The device 100 may also include a user-operable control element 150, such as a button or switch, which operates the device 100 when pressed. For example, a user may turn on the device 100 by operating the switch 150. The aerosol generator 116 defines a longitudinal axis, which aligns with an axis of the article 110.

In use, the article 110 may be fully or partially inserted into the aerosol generator 116 where it may be heated by one or more components of the aerosol generator 116.

The device 100 includes an apparatus for heating aerosol-generating material. The apparatus includes an aerosol generating assembly, a controller (control circuit), and a power source. The apparatus forms part of the body 102. The aerosol generating assembly is configured to heat the aerosol-generating material of an article 110 inserted through the article aperture 104, such that an aerosol is generated from the aerosol generating material. The power source supplies electrical power to the aerosol generating assembly, and the aerosol generating assembly converts the supplied electrical energy into heat energy for heating the aerosol-generating material. The power source may be, for example, a battery, such as a rechargeable battery or a non-rechargeable battery. Examples of suitable batteries include, for example, a lithium battery (such as a lithium-ion battery), a nickel battery (such as a nickel-cadmium battery), and an alkaline battery.
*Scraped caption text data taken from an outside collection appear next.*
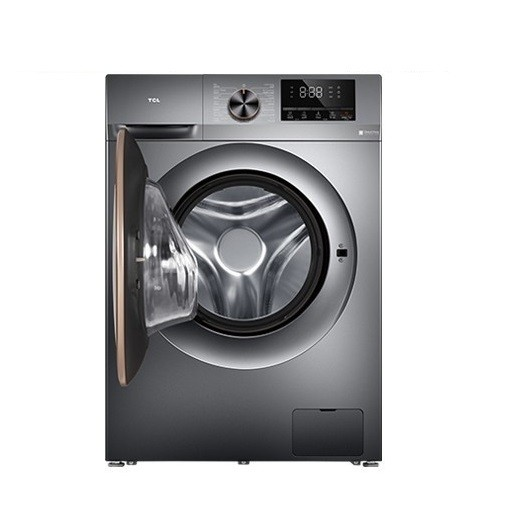 C2110FLG - TCL Front Loading Washer machine, 10kg, Inverter motor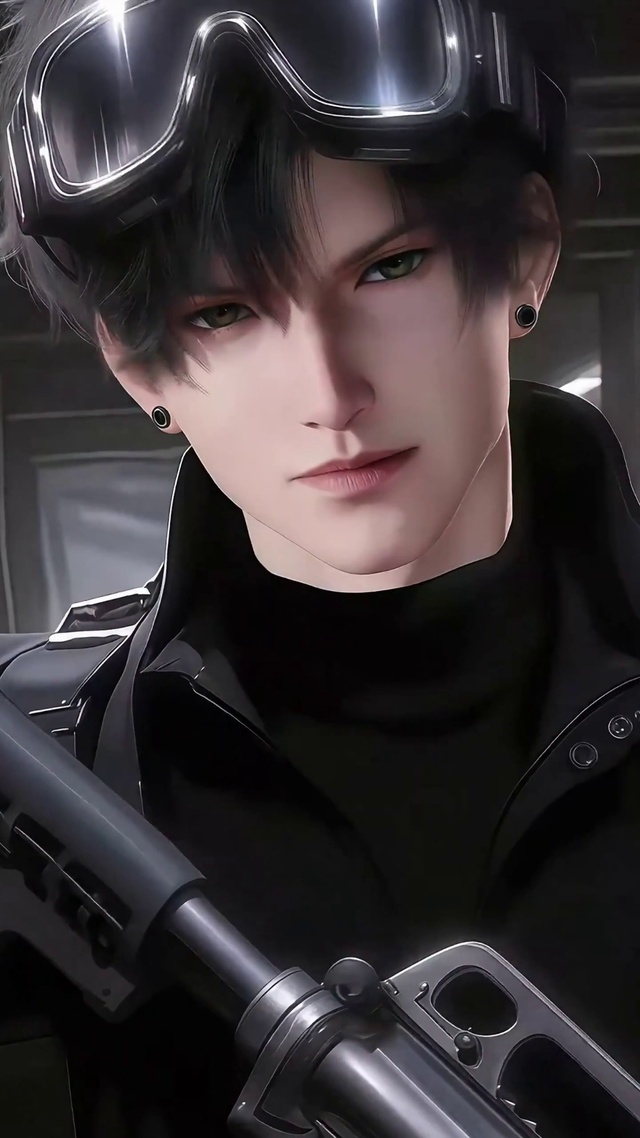 黎深30（灵音）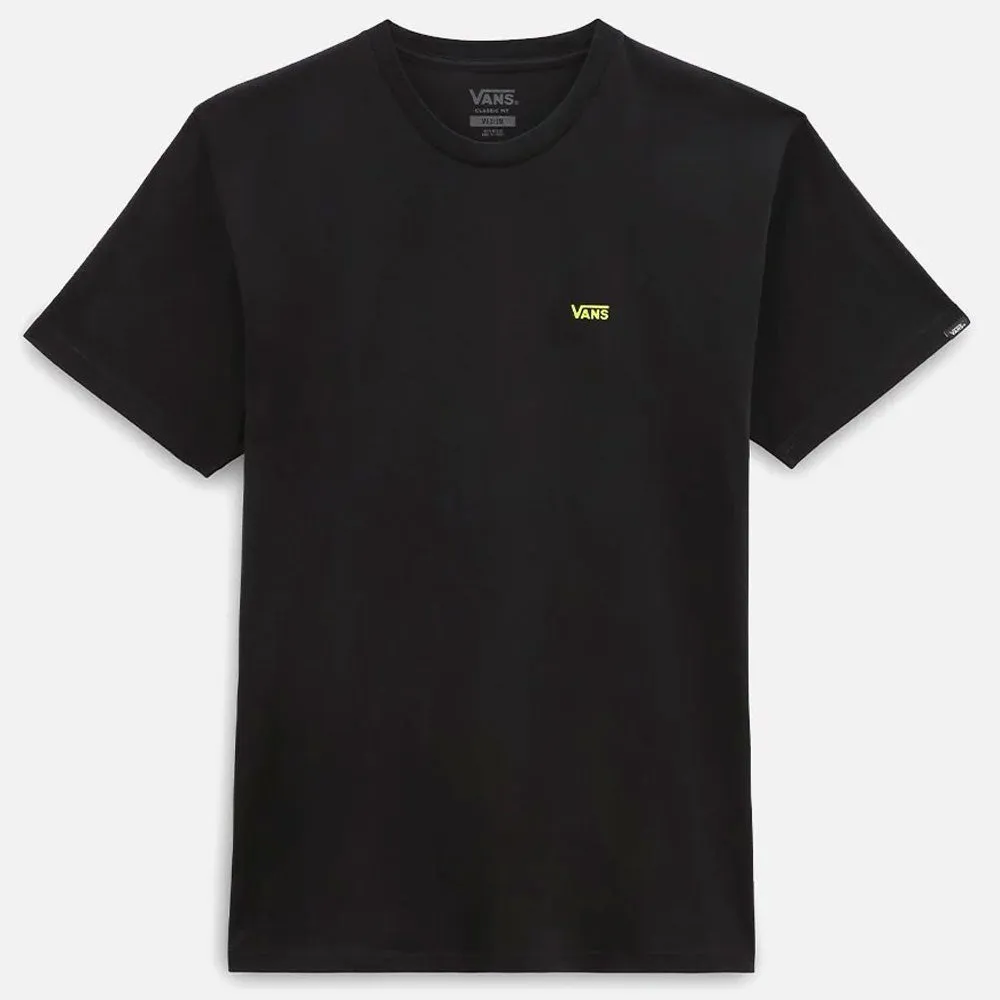 Vans Left Chest T Shirt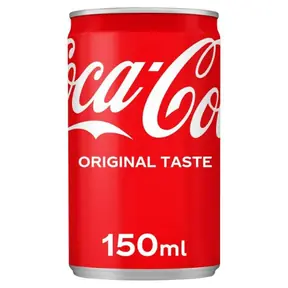 Coca-Cola 0,25 ლ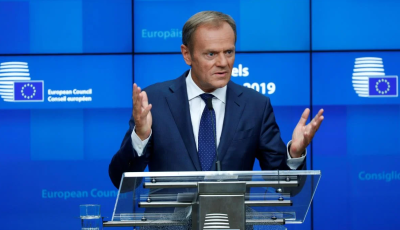 РФ може напасти на Європу у найближчі кілька років, - Туск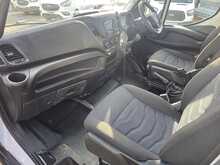 Iveco Daily Daily 35S 3520 Panel Van 2 Manual Diesel 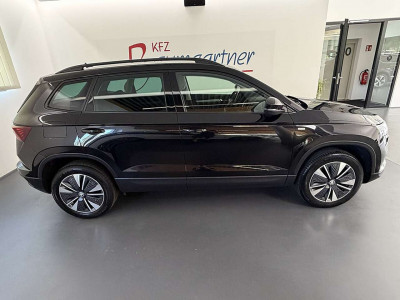 Skoda Karoq Gebrauchtwagen Skoda Karoq Gebrauchtwagen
The power source may be electrically coupled to the aerosol generating assembly to supply electrical power when required and under control of the controller to heat the aerosol generating material. The control circuit may be configured to activate and deactivate the aerosol generating assembly based on a user input. The user input may be via a button press or opening a door of the device (for example, a door covering a consumable receiving receptacle). The control circuit may be configured to activate and deactivate automatically, for example on insertion of an article.

The aerosol generating assembly may comprise various components to heat the aerosol generating material via an inductive heating process. Induction heating is a process of heating an electrically conducting heating element (such as a susceptor) by electromagnetic induction. An induction heating assembly may comprise an inductive element, for example, one or more inductor coils, and a device for passing a varying electric current, such as an alternating electric current, through the inductive element. The varying electric current in the inductive element produces a varying magnetic field. The varying magnetic field penetrates a susceptor (heating element) suitably positioned with respect to the inductive element, and generates eddy currents inside the susceptor. The susceptor has electrical resistance to the eddy currents, and hence the flow of the eddy currents against this resistance causes the susceptor to be heated by Joule heating. In cases where the susceptor comprises ferromagnetic material such as iron, nickel or cobalt, heat may also be generated by magnetic hysteresis losses in the susceptor, i.e. by the varying orientation of magnetic dipoles in the magnetic material as a result of their alignment with the varying magnetic field. In inductive heating, as compared to heating by conduction for example, heat is generated inside the susceptor, allowing for rapid heating. Further, there need not be any physical contact between the inductive element and the susceptor, allowing for enhanced freedom in construction and application.

With reference to Fig. 2, a system 200 comprises the aerosol provision device 100 and a mobile device 202.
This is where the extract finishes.